Iron ore futures surged more than 5 per cent to hit the highest level since 2014 on concerns that the increasingly severe crisis at top producer Vale SA will curtail global supplies, tightening the seaborne market and offsetting the impact of a slowdown in China, the largest importer.
Vale invoked forcemajeure earlier this week after a judge forced it to suspend some operations at its Brucutu mine in Brazil — a move it said would result in an annual production loss of 30 million tonnes. That’s on top of an earlier reduction of 40 mt following a deadly dam burst. In addition, Vale’s licence to operate a dam at Brucutu was revoked by a state regulator.
Iron ore has been supercharged since late January after the Brazil dam-burst, which killed at least 150 people and rattled the mining industry.

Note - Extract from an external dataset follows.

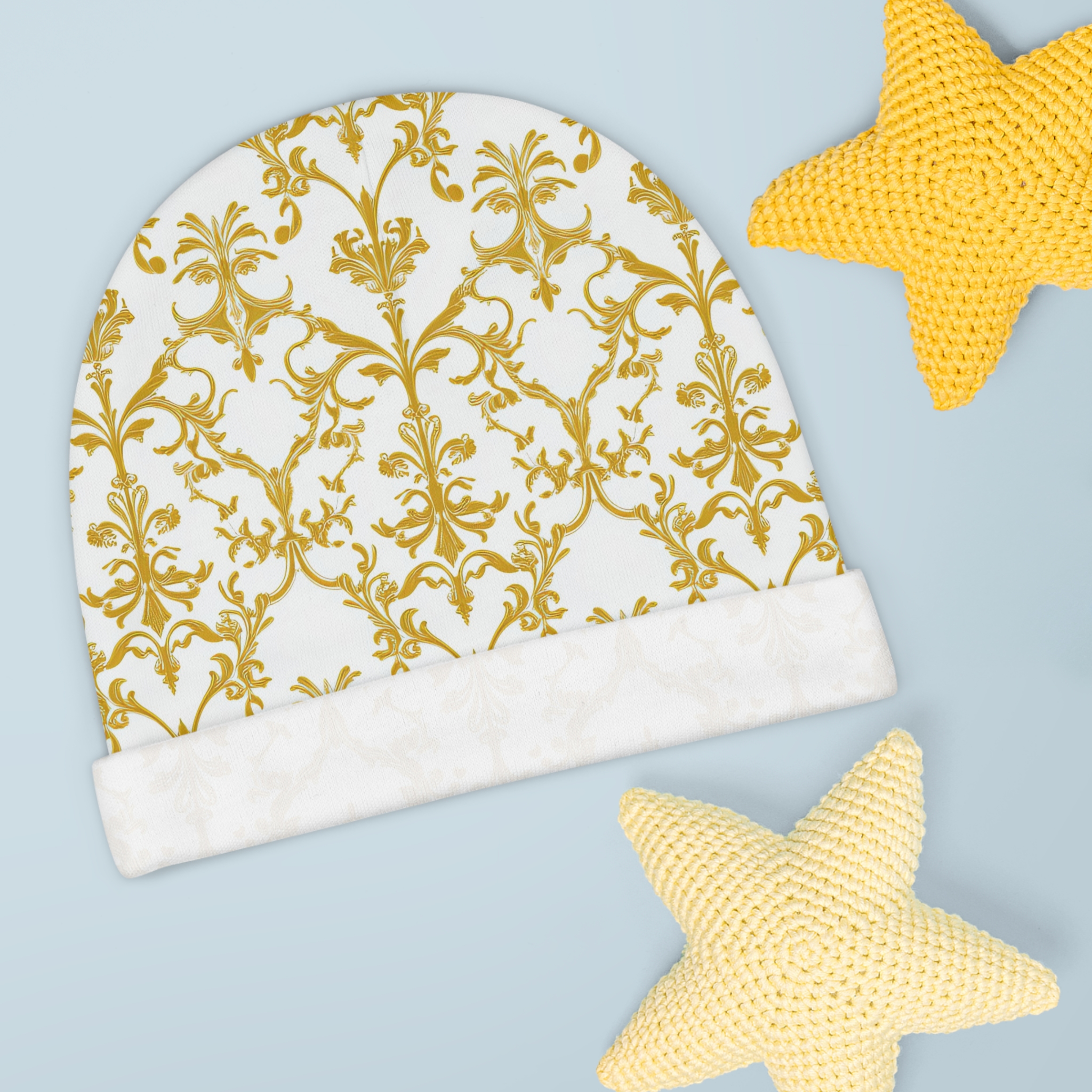 Elegant Golden Floral Baby Beanie for Newborns - Image 3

As the crisis has intensified, banks have raised their price forecasts, with Citigroup Inc boosting its 2019 estimate 40 per cent to $88 a tonne and raising the possibility that the disruption to Vale’s operations will worsen and could last for years.
Futures advanced 5.8 per cent to $94 a tonne in Singapore, the highest since August 2014. So far this week, prices are 8.9 per cent higher after surging 14 per cent last week.
Goldman Sachs Group Inc warned that there would be “significant disruption” to Brazilian supplies in the near term, and prices are expected to be elevated and volatile as production elsewhere cannot be adjusted quickly enough to offset shortages.